Square and Simplify both sides. You should get $$\displaystyle 4\cdot(a^{2}-ab+b^{2})^{2} = 4\cdot(c^{2}-cd+d^{2})^{2}$$

Divide that equation by -2. You'll just have to trust me on this.

Subtract the quartic equation above from the given quartic equation. See if anything looks familiar in the result.
Hello tkhunny,

Problems posted in this forum are meant as challenges to our members. The OP should already have a full and correct solution ready to post, and is looking to see if anyone else can solve it, and in the case that no one does after at least a week, will post their solution.
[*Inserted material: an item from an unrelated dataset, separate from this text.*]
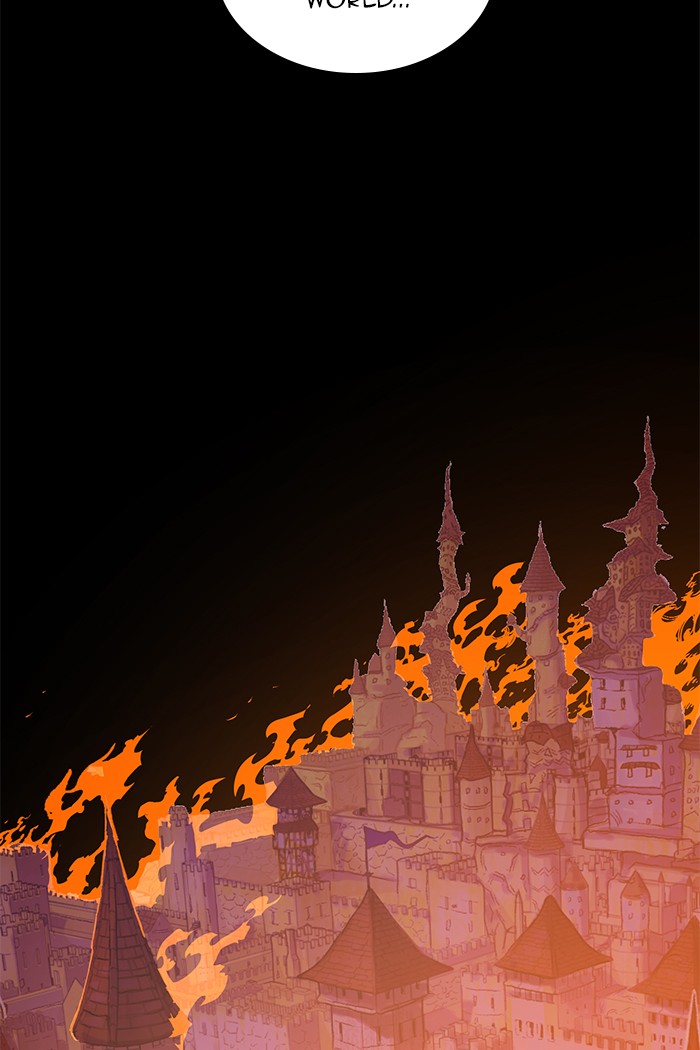 Read Hardcore Leveling Warrior chapter 171.7 image 110 on Lezhin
If others do solve it, but use a different method, then the OP should post their solution as well so that we get multiple ways of attacking the problems.

So, unlike our other forums where we expect only hints and suggestions on how to proceed as given help, this forum is meant for full solutions to be posted, as stated in our guidelines:

edit: These guidelines were only recently posted, so it is understandable that not everyone has seen them yet.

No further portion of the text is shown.